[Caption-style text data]
****

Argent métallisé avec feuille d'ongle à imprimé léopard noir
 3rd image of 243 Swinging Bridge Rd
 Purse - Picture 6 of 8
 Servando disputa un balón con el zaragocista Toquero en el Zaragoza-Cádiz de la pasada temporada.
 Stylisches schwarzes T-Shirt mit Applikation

****

▶ [Assignment]: The answer should consist only of the lines from the one containing "3rd image of 243 Swinging Bridge Rd" through the last line of the data, given again exactly.

▶ [Answer area]:
 3rd image of 243 Swinging Bridge Rd
 Purse - Picture 6 of 8
 Servando disputa un balón con el zaragocista Toquero en el Zaragoza-Cádiz de la pasada temporada.
 Stylisches schwarzes T-Shirt mit Applikation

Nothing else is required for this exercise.